MHC preps to vacate two buildings
The Marshall Habilitation Center is scheduled to vacate two structures within the next two and a half years. The buildings to be vacated are the "L" Building and the Mid-Campus Building, which together currently house 55 MHC clients.
Thirty-three clients live on the first two stories of the four-story L Building and 18 clients live on the top floor of the three-story Mid-Campus Building, built in 1950.
"L Building, built in 1949, is in decent shape, but its design is not 'conductive' to the type of treatment that has proven to be successful in recent years," said Lois Thomas, spokeswoman for the Missouri Department of Mental Health. "The goal of treatment (at habilitation centers) is for people to be able to function in their own homes. Treatment provided in a home-like setting gets people accustomed to a more typical lifestyle, with their own separate areas for sleeping, preparing food, eating and relaxing. The dormitory-style setup, with two to three people to a bedroom, and large common areas for eating and relaxing, does not provide much in the way of privacy and is more like an open ward than a real home."

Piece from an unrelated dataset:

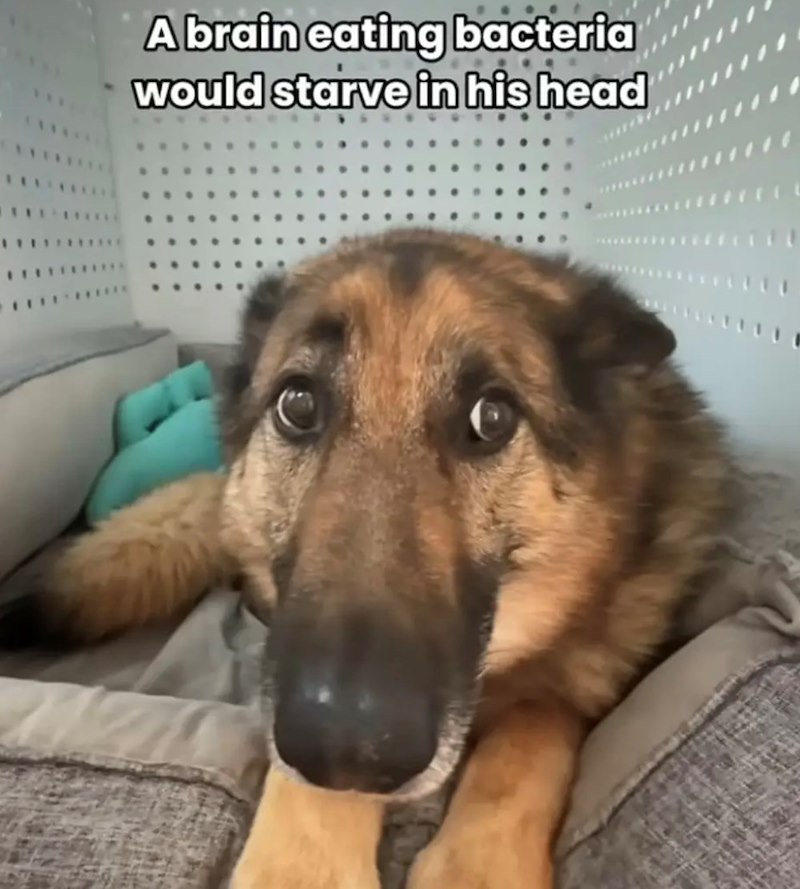 A brain eating bacteria would starve in his head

The Missouri Department of Mental Health has been involved in four building closures over the last three years, according to its Web site, www.dmh.missouri.gov. Two closings -- at the Higginsville Habilitation Center Aspen Cottage and a private provider -- are complete.

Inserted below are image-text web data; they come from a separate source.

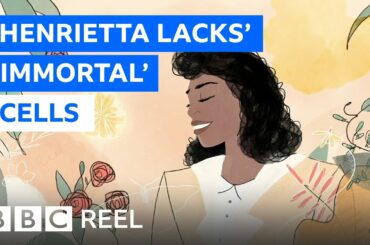 The woman with 'immortal' cells that changed the world - BBC REEL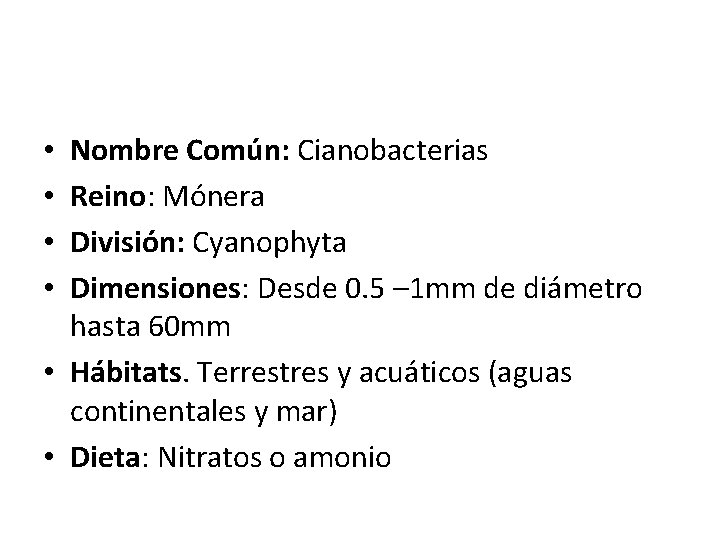 Nombre Común: Cianobacterias Reino: Mónera División: Cyanophyta Dimensiones: Desde 0. 5 – 1 mm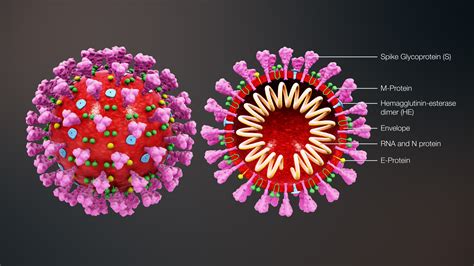 The end of exponential growth: The decline in the spread of coronavirus | The Times of Israel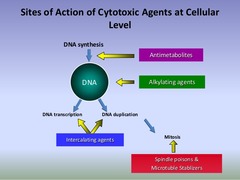 Anti-tumor Antibiotics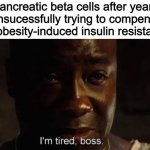 Type 2 Diabetes | Pancreatic beta cells after years of unsucessfully trying to compensate for obesity-induced insulin resistance | image tagged in i'm tired boss | made w/ Imgflip meme maker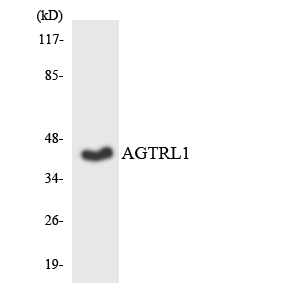 APLNR/ Apelin Receptor / APJ Antibody - Western blot analysis of the lysates from HT-29 cells using AGTRL1 antibody.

The closing of MHC's Skilled Nursing Unit, which was built in 1969 and serves 16 clients deemed medically fragile, is still under way and is set to be finished by fiscal year 2005. The state mental health department reported the closings are not caused by funding cuts, and habilitation centers such as MHC will continue to be operational.
Over the past two years, the Division of Mental Retardation and Developmental Disabilities said it has worked to ensure living arrangements at Missouri's six habilitation centers are safe, wholesome and efficient in terms of maintenance and improvement costs. Through its review process, the division has identified buildings on the campuses of Marshall, Nevada and Bellefontaine habilitation centers that need to be vacated in the next few years.
These closings will save money in future years because habilitation centers will no longer be requesting funds to maintain these buildings, said officials in the department's headquarters in Jefferson City. The funds that had served individuals in the habilitation centers will be transferred from the habilitation center budgets to the division's community programs appropriation to purchase services in communities.
The closing of buildings and reduction in bed capacity will cause a reduction in staff at the habilitation centers. The Division of Mental Health said it will do everything possible to continue to employ affected staff in similar positions within each facility. Most facilities continue to have vacant positions they are unable to fill because of a shortage in qualified candidates.
The rising number of habilitation center staff eligible for retirement over the next two fiscal years may also provide jobs for staff impacted by the closing of buildings.
"There is not a hiring freeze in place," Thomas said. "We are filling all direct-care positions that become vacant. The filling of other vacated positions -- those not related to direct client care -- will be evaluated on a case-by-case basis."
Marshall Habilitation Center tore down Cottage F and G, the Star Center and the Oaks Building starting in late 2000. The buildings had stood nearly a century on the center's campus.
MHC Superintendent Mary Fangman, through her secretary, refused to comment and directed all questions to the mental health department.